What is expected:
Write out the full listing below exactly as given.
*** Opening Information shown ***
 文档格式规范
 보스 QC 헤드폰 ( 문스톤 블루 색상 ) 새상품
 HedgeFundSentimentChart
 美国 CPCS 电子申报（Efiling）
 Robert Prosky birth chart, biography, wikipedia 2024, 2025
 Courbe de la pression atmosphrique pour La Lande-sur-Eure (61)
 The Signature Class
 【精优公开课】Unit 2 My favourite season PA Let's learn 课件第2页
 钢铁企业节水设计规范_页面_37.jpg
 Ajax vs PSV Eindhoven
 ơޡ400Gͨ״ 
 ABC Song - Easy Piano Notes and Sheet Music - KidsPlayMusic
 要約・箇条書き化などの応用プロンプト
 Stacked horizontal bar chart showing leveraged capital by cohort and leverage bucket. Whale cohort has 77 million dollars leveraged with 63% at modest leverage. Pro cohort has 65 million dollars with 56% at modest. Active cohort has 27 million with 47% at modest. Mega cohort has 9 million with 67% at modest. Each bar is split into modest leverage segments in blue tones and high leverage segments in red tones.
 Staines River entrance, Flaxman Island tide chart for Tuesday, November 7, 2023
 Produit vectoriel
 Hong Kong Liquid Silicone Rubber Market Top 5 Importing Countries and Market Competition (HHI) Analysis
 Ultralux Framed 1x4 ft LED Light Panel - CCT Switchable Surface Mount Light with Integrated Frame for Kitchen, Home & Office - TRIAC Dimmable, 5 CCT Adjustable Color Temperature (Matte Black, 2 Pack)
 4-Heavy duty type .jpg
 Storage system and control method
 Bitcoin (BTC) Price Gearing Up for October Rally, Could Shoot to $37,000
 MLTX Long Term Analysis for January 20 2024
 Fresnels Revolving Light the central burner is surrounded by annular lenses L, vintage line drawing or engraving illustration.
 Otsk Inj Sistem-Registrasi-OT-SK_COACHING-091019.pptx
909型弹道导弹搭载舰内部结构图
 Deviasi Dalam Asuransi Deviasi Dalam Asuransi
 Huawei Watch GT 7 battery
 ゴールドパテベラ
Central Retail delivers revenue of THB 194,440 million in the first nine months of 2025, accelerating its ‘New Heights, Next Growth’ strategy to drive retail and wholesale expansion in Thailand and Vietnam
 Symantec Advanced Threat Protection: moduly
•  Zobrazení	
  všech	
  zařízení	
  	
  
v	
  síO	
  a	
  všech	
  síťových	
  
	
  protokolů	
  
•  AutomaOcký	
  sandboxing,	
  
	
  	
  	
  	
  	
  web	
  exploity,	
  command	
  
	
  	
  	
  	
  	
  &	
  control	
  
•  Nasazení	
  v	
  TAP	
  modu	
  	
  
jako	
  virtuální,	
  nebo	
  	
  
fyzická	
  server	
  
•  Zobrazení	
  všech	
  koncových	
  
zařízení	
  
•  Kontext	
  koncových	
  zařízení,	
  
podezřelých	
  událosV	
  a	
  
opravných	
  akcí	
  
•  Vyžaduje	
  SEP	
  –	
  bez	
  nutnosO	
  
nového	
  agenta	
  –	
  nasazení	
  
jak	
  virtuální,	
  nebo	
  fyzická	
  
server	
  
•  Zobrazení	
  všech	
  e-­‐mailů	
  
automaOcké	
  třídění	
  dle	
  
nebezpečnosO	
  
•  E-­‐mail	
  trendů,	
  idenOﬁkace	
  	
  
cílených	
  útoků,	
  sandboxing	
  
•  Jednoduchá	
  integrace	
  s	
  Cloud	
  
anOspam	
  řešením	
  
*** Closing Information shown ***
Answer to this task:
 文档格式规范
 보스 QC 헤드폰 ( 문스톤 블루 색상 ) 새상품
 HedgeFundSentimentChart
 美国 CPCS 电子申报（Efiling）
 Robert Prosky birth chart, biography, wikipedia 2024, 2025
 Courbe de la pression atmosphrique pour La Lande-sur-Eure (61)
 The Signature Class
 【精优公开课】Unit 2 My favourite season PA Let's learn 课件第2页
 钢铁企业节水设计规范_页面_37.jpg
 Ajax vs PSV Eindhoven
 ơޡ400Gͨ״ 
 ABC Song - Easy Piano Notes and Sheet Music - KidsPlayMusic
 要約・箇条書き化などの応用プロンプト
 Stacked horizontal bar chart showing leveraged capital by cohort and leverage bucket. Whale cohort has 77 million dollars leveraged with 63% at modest leverage. Pro cohort has 65 million dollars with 56% at modest. Active cohort has 27 million with 47% at modest. Mega cohort has 9 million with 67% at modest. Each bar is split into modest leverage segments in blue tones and high leverage segments in red tones.
 Staines River entrance, Flaxman Island tide chart for Tuesday, November 7, 2023
 Produit vectoriel
 Hong Kong Liquid Silicone Rubber Market Top 5 Importing Countries and Market Competition (HHI) Analysis
 Ultralux Framed 1x4 ft LED Light Panel - CCT Switchable Surface Mount Light with Integrated Frame for Kitchen, Home & Office - TRIAC Dimmable, 5 CCT Adjustable Color Temperature (Matte Black, 2 Pack)
 4-Heavy duty type .jpg
 Storage system and control method
 Bitcoin (BTC) Price Gearing Up for October Rally, Could Shoot to $37,000
 MLTX Long Term Analysis for January 20 2024
 Fresnels Revolving Light the central burner is surrounded by annular lenses L, vintage line drawing or engraving illustration.
 Otsk Inj Sistem-Registrasi-OT-SK_COACHING-091019.pptx
909型弹道导弹搭载舰内部结构图
 Deviasi Dalam Asuransi Deviasi Dalam Asuransi
 Huawei Watch GT 7 battery
 ゴールドパテベラ
Central Retail delivers revenue of THB 194,440 million in the first nine months of 2025, accelerating its ‘New Heights, Next Growth’ strategy to drive retail and wholesale expansion in Thailand and Vietnam
 Symantec Advanced Threat Protection: moduly
•  Zobrazení	
  všech	
  zařízení	
  	
  
v	
  síO	
  a	
  všech	
  síťových	
  
	
  protokolů	
  
•  AutomaOcký	
  sandboxing,	
  
	
  	
  	
  	
  	
  web	
  exploity,	
  command	
  
	
  	
  	
  	
  	
  &	
  control	
  
•  Nasazení	
  v	
  TAP	
  modu	
  	
  
jako	
  virtuální,	
  nebo	
  	
  
fyzická	
  server	
  
•  Zobrazení	
  všech	
  koncových	
  
zařízení	
  
•  Kontext	
  koncových	
  zařízení,	
  
podezřelých	
  událosV	
  a	
  
opravných	
  akcí	
  
•  Vyžaduje	
  SEP	
  –	
  bez	
  nutnosO	
  
nového	
  agenta	
  –	
  nasazení	
  
jak	
  virtuální,	
  nebo	
  fyzická	
  
server	
  
•  Zobrazení	
  všech	
  e-­‐mailů	
  
automaOcké	
  třídění	
  dle	
  
nebezpečnosO	
  
•  E-­‐mail	
  trendů,	
  idenOﬁkace	
  	
  
cílených	
  útoků,	
  sandboxing	
  
•  Jednoduchá	
  integrace	
  s	
  Cloud	
  
anOspam	
  řešením	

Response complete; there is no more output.